Hi, my 16.2 ID X came in from the field on saturday lame, the vet diagnosed it as laminitis yesterday and asked about the grass he was on but nothing about his nets. He is now on box rest and is being fed haylage but a friend said today that haylage can also cause it. Is this true? If it is then what should he be fed on? He also gets a scoop of herbal chop morn and even to give him his bute in. Is this ok for him? Thanks.


----------



## RachelB (3 June 2008)

I would give him hay that you've soaked for 24 hours if I were you.

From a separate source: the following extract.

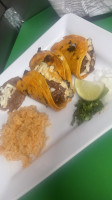 Ellas Taqueria food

That was you can soak everything out of it so the hay is literally just fibre for him to chew on. Make sure he is getting all his vits and mins though either through a feed balancer or a GP supplement 
	
	
		
		
	


	




Careful the chaff doesn't have too much sugar in it either.


----------



## SilverSkye (3 June 2008)

I am no laminitus expert but understood soaked hay is the way forward , The hay should be soaked for 24 hours to remove all the sugars .  I think your friend is right and that either good quality hay or hayledge can bring on laminitus, i would also check your feed as it is best to feed something that is approved by the laminitus trust ( happy hoof or safe and sound or anything with the approved stamp on the bag)
Edited to add could you call your vet and have a chat with him about it??


----------



## bensababy (3 June 2008)

i would def advise against feeding Haylage.far too rich. i feed my ex Lami a small amount of hay soaked for 24 hours. Also i would recommend looking into a low fat/no sugar feed - either Happy Hoof.. or have a look on the Simple Systems website or alternatively Laminitis Trust


----------



## Eaglestone (3 June 2008)

Another opinion here sorry  
	
	
		
		
	


	





I would soak the hay so that you remove all the sugars etc however 24 hours is just too long and it risks the water being contaminated and turning into sewage, especially if it is in sunlight.

I would soak it for a maximum of 12 hours out of direct sunlight, so basically soak one overnight and one during the day.

Haylage should be fine I believe, but it would have to be one that has less goodness in it.  I think that would be one with Timothy Grass in it.

If you have £1 per minute to spend then you could call the Laminitis Trust and they are excellent  .... here we go Laminitis Trust 

Hope he is ok as it is a horrid condition to bear for human and horse


----------



## rforsyth1984 (3 June 2008)

My lammy horse has a mix, but only to keep him entertained otherwise he'd just have haylage.

I believe (but could be wrong!) that the in patients at Robert Eustace's yard are all fed haylage.


----------



## Thistle (3 June 2008)

Blue or Purple Horsehage are lami safe.

When haylage is made the sugars ferment to 'cook' the haylage so there is less sugar.

I still tend to feed 12 hour soaked hay to laminitics though as then they can have more.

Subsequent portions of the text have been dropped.